This variegated sage against a background of flowering garden sage is a lovely and hardy addition to any herb garden.

Mexican tarragon will grow up to 3 feet.

These rosemary bushes were planted as a half dozen seedlings. Now they’re a forest of culinary delight.

Mint has a reputation of growing unchecked in herb gardens, so watch where you plant it.

These giant clumps of garlic chives will easily enhance a summer’s worth of pasta.

Don’t forget to trim the seed heads from basil in order to promote full leaf growth.

Surprisingly, passionflower is considered an herb by some. It has medicinal as well as ornamental

’Tis the season of the “Twin 95s.” Ninety-five degrees and 95 percent humidity, that is.  As a result, the parsley has gone to seed in most gardens. So has the dill. The nasturtium flowers have withered away. But fear not. The hotties are here to stay, bringing forth blooms and new growth despite the Deep South’s mantle of full sun.



Rosemary tops the list. It thrives in the heat. I once saw a rosemary bush with a diameter of 5 feet growing from a split-oak barrel. Its soil was chalky gray and hard as cement. All the better for rosemary. They need well-drained soil and plenty of sun. One gardener lined his bed with pea gravel and devoted that area to rosemary. Now, years later, the half dozen seedlings have grown into a forest that blankets the entire bed.


The Herb Trinity

Oregano and garlic chives along with rosemary are the herb trinity, as far as my herb garden is concerned. When I have all three of them established, I can begin to expand my horizons. Oregano is rock solid in its ability to withstand hot sun and even occasional neglect. And the more of its leaves I cull, the bushier it becomes. The same goes for the garlic chives.

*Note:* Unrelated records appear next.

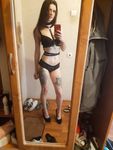 Anastasia Nastya Egorova Krivorenko Анастасия Настя Егорова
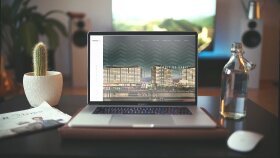 İnşaat firmanız için en etkili web sitesi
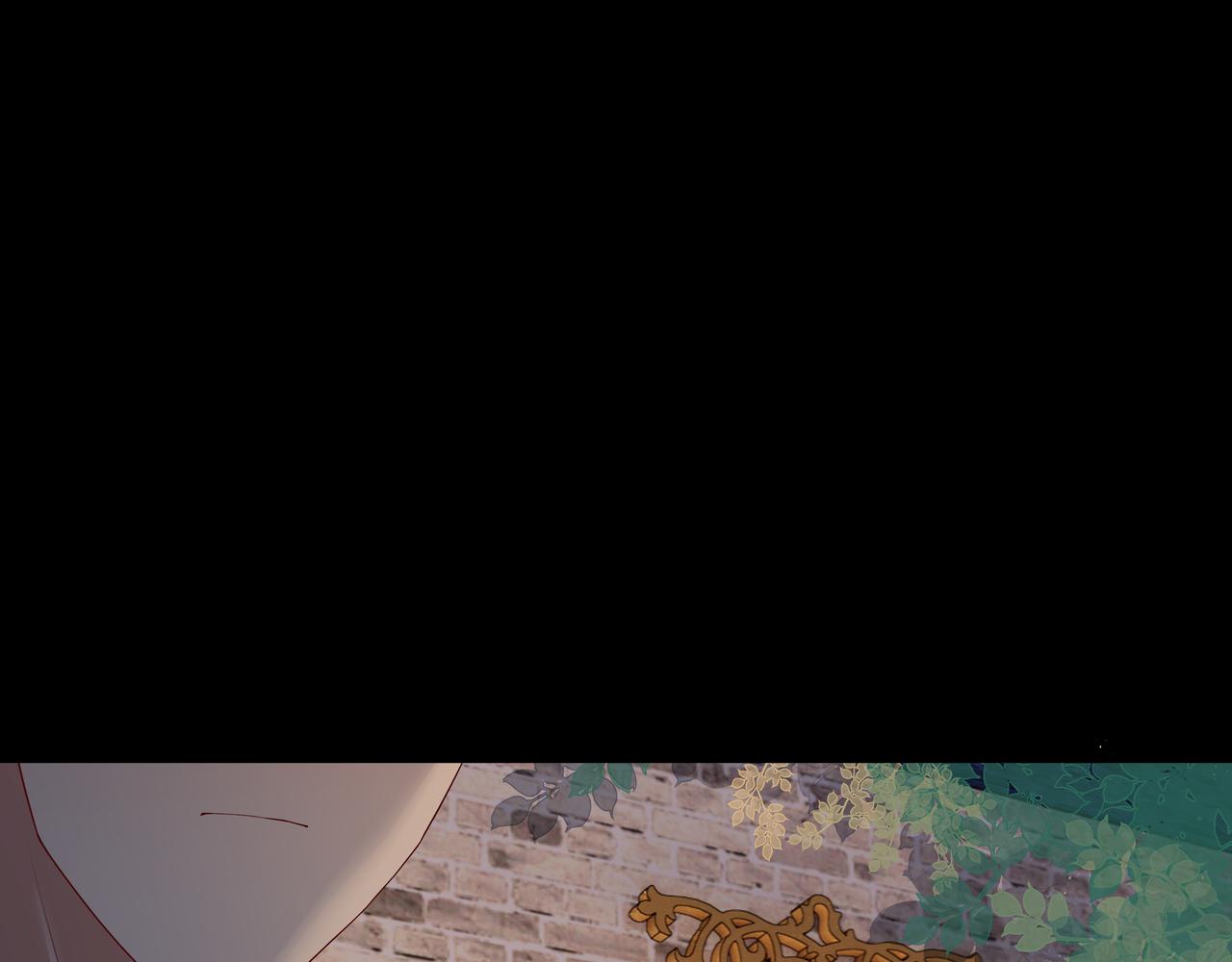 第57话 平静的夜晚9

As long as basil is planted in an area that doesn’t get full sun all day, it thrives through the summer months. And the varieties of basil out there today expand the color spectrum in the garden as well as the culinary pleasures from your kitchen. Lemon basil, anise basil, purple basil, green ruffles basil and sweet basil grow well in the South. Avoid planting them near mint but do plant them near tomatoes and peppers.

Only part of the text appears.